How Wildfire Smoke Can Harm Us If your workplace is in an area affected by the wildfires, you must take actions to protect your employees in the event that the air quality reaches a specific level. With large wildfires, smoke becomes airborne and travels far beyond the immediate fire zone, filling the air in many communities and even across states. The smoke from this years wildfires has drifted over 3000 miles causing hazy conditions that can be seen even on the east coast. The smoke from wildfires contains chemicals, gases and fine particles that can cause harm to your health. Breathing in these fine particles can reduce lung function, worsen asthma and other existing heart and lung conditions. Additionally, it can cause coughing, wheezing and difficulty breathing.

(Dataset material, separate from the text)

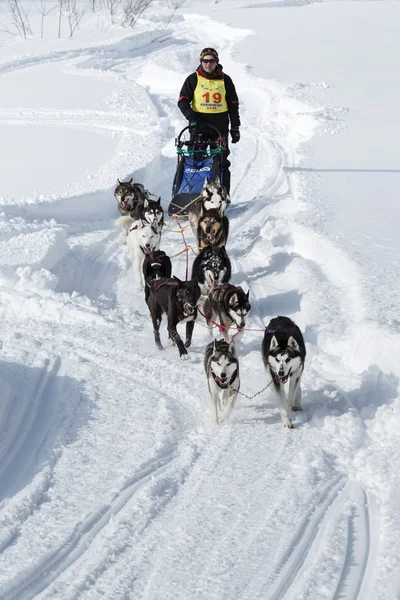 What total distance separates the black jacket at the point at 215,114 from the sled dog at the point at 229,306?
120 inches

With exceptions, emergency regulation section 5141.1, Protection from Wildfire Smoke, applies to workplaces and operations where the current Air Quality Index (AQI) for PM2.5 particulate is 151 or greater (“unhealthy”) and where the employer should reasonably anticipate that employees may be exposed to wildfire smoke. California’s wildfire smoke regulation is designed to protect employees who work in these areas. The smoke regulation requires employers to do the following:

    • Monitor the Air Quality Index (AQI) for particulate matter 2.5 (PM 2.5) in regions where workers are located. You can check the AQI in your region using the Environmental Protection Agency’s Air Now tool. You will just need to enter the ZIP code for the air quality reading for your workplace region and be sure to check your area’s AQI throughout the day.


    • Take steps to reduce exposure to smoke when the AQI for PM 2.5 is above 150. In this case, you should implement a system for communicating wildfire smoke hazards in a form readily understandable by all affected employees as well as relocating the employees to an enclosed building or vehicle with filtered air if possible. You can also send them to a different location where the AQI for PM 2.5 is below 15.

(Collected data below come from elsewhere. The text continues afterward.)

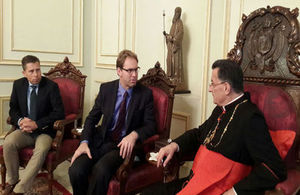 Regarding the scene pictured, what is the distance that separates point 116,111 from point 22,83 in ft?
4.07

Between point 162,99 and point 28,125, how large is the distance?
1367 millimetres

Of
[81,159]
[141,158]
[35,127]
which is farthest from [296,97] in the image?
[35,127]

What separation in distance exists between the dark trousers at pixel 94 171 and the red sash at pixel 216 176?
63 centimetres

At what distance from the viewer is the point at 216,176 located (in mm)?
1532

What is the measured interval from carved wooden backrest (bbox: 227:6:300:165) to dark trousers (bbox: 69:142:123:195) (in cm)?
119

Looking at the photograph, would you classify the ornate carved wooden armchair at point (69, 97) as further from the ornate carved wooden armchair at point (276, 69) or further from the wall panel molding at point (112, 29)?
the ornate carved wooden armchair at point (276, 69)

    • The employer must provide respirators for employee use on a voluntary basis when the current AQI for PM2.5 is equal to or greater than 150 but less than 500. The employer must require employees to use respirators when the current AQI for PM2.5 is greater than 500. If the current AQI is less than 151, the employer may provide filtering facepiece respirators (dust masks) to employees or allow employees to bring their own.

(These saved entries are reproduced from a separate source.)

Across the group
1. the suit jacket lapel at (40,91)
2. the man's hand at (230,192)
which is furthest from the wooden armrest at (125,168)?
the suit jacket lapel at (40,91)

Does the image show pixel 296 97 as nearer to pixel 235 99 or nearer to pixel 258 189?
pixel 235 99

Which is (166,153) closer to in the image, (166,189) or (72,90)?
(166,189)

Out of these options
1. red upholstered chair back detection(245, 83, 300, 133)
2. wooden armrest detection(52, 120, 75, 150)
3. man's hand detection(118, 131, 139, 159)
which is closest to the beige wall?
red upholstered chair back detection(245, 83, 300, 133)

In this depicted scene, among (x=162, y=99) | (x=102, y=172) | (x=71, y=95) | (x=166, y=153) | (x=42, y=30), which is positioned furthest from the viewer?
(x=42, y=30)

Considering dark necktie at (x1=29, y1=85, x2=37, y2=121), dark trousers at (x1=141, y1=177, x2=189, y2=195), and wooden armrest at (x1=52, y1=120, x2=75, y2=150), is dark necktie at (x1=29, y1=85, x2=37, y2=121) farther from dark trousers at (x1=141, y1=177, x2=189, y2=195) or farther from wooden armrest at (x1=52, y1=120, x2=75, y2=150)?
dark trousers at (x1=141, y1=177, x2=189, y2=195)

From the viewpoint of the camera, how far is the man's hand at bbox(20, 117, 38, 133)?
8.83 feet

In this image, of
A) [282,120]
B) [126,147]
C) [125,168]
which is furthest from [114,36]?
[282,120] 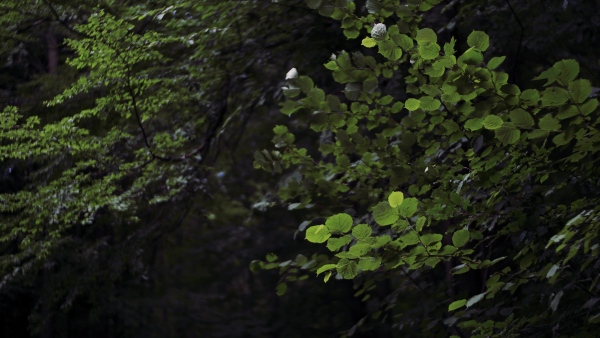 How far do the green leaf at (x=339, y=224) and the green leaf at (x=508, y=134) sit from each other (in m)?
0.41

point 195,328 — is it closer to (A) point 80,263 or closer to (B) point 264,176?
(B) point 264,176

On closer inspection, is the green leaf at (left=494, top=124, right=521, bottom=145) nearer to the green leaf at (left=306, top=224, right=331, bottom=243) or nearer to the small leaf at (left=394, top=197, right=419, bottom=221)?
the small leaf at (left=394, top=197, right=419, bottom=221)

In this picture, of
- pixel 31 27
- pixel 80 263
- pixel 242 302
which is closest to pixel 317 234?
pixel 31 27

It is important to note that it takes more effort to breathe through a respirator and it can also increase the risk of succumbing to heat stress. This is why Cal/OSHA advises employees who are using respirators to take frequent breaks. Workers who are feeling dizzy, faint, or nauseated should immediately go to a clean area, take off their respirator, and get medical attention.

On behalf of the SCM/HazMat School team, we are so thankful to all of the first responders who are working tirelessly to keep our communities safe. We are forever grateful for your bravery.